Any number of mating schemes could be used to go from A-to-B but the minimal inbreeding strategy common to laboratory animal, and describe in Chapter 4, is the easiest to envision. For minimal inbreeding N_e = 2N-1. As such, a base population with 20 individuals provides an N_e of just about 40. Sexes are specified to make the simulation easily compatible with the kinship2 package. The following code develops base population A.

n_pop <- 20

pop_haps <- quickHaplo(nInd = n_pop,      
                       nChr = 1,      
                       segSites = 10,
                       genLen = 1,  
                       ploidy = 2L,   
                       inbred = FALSE)

SP = SimParam$new(pop_haps)
SP$setSexes("yes_sys")

pop_0 <- newPop(rawPop = pop_haps,
                simParam = SP)

4.3 Breed from A-to-B & from B-to-X

Prior to breeding, a vector list was developed to hold the populations created by a for loop and the base population stored. The first loop employs the randCross function to perform 10 crosses each producing 2 progeny. In this way, the individuals of each generation are replaced by their offspring and an N_e of near 40 is maintained.

Full-sib mating commences at generation 42. The function makeCross is used to perform the full-sib mating according to the previously defined cross plan. In this case, the cross plan takes advantage of the sequential and predictable enumeration of individuals in AlphaSimR. For each generation, individual IDs are used to fill a 2-column matrix row-wise. In this way, the matrix is composed of rows of brother-sister combinations. We only need to switch the column order to sister-brother to conform with the cross plan structure. With the logical organization of AlphaSimR, repeating the cross plan over a series of generations results in 10 separate full-sib lines.

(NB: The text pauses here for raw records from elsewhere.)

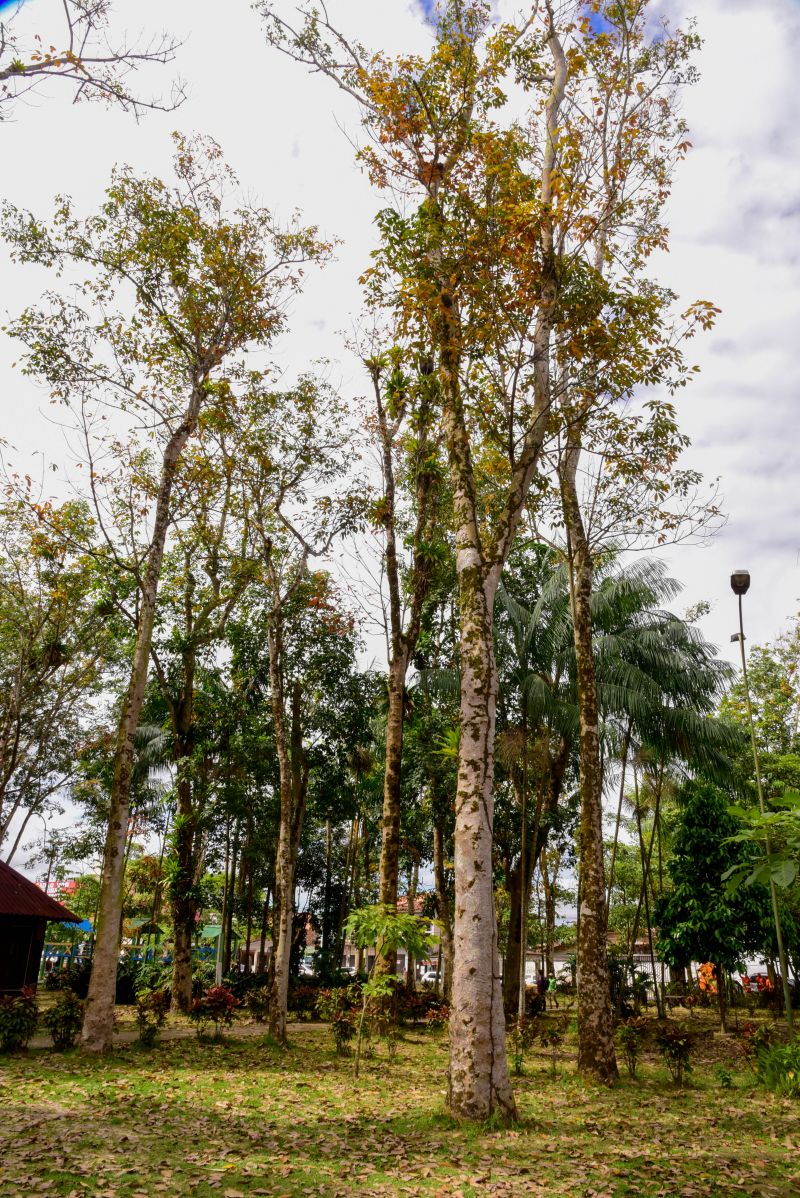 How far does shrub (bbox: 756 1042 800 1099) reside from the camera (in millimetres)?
9789

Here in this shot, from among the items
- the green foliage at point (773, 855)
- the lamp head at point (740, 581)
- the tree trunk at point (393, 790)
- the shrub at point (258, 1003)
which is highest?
the lamp head at point (740, 581)

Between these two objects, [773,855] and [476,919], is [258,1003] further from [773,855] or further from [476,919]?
[773,855]

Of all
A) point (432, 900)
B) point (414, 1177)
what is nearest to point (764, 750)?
point (432, 900)

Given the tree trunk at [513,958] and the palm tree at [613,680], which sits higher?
the palm tree at [613,680]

POP <- vector(length = 55, mode = "list")

POP[[1]] <- pop_0

for(i in 2:43){
  POP[[i]] <- randCross(pop = POP[[i - 1]],
                        nCrosses = 10,
                        nProgeny = 2,
                        simParam = SP)
}

for(i in 44:55){

  cp <- matrix(data = POP[[i-1]]@id,
        ncol = 2,
        byrow = TRUE)
  
  cp <- cbind(cp[,2], cp[,1])
  
  POP[[i]] <- makeCross(pop = POP[[i-1]],
                        crossPlan = cp,
                        nProgeny = 2,
                        simParam = SP)
}

4.4 Get the complete A-to-X pedigree

A function was first developed to pull and format the pedigree as a data frame from a single population. The do.call and lapply functions were then used to pull and combine the pedigrees from all populations. The first and last 5 entries in the pedigree are shown for interest. Note that both sex and generation (t) were added to the pedigree. While sex permits easy integration with kinship2, generation facilitates data wrangling and presentation later on.

full_ped <- function(gen){
  getPed(POP[[gen]]) %>%
    mutate(t = gen-1) %>%
    mutate(sex = POP[[gen]]@sex) %>%
    mutate(id = as.numeric(id),
           sire = as.numeric(father),
           dam = as.numeric(mother)) %>%
    select(t, id, sire, dam, sex)
}

ped_df <- do.call(rbind, lapply(1:55, FUN = full_ped))

t	id	sire	dam	sex
0	1	0	0	M
0	2	0	0	F
0	3	0	0	M
0	4	0	0	F
0	5	0	0	M
54	1,096	1,075	1,076	F
54	1,097	1,077	1,078	M
54	1,098	1,077	1,078	F
54	1,099	1,079	1,080	M
54	1,100	1,079	1,080	F

4.5 Calculate inbreeding for A-to-B & B-to-X

For the purpose of the exercise, we will first examine the pedigrees separately from A-to-B and B-to-X. The following code simply filters the pedigree to generations less than 42 before formatting using the pedigree function from kinship2. With the pedigree formatted, the kinship function is applied, the resulting matrix converted to a long-format data frame, merging with the original pedigree file, and calculating the mean coefficient of inbreeding (F) for each generation. For more details on this process, revisit the preceding exercise comparing recurrence equations and coancestry.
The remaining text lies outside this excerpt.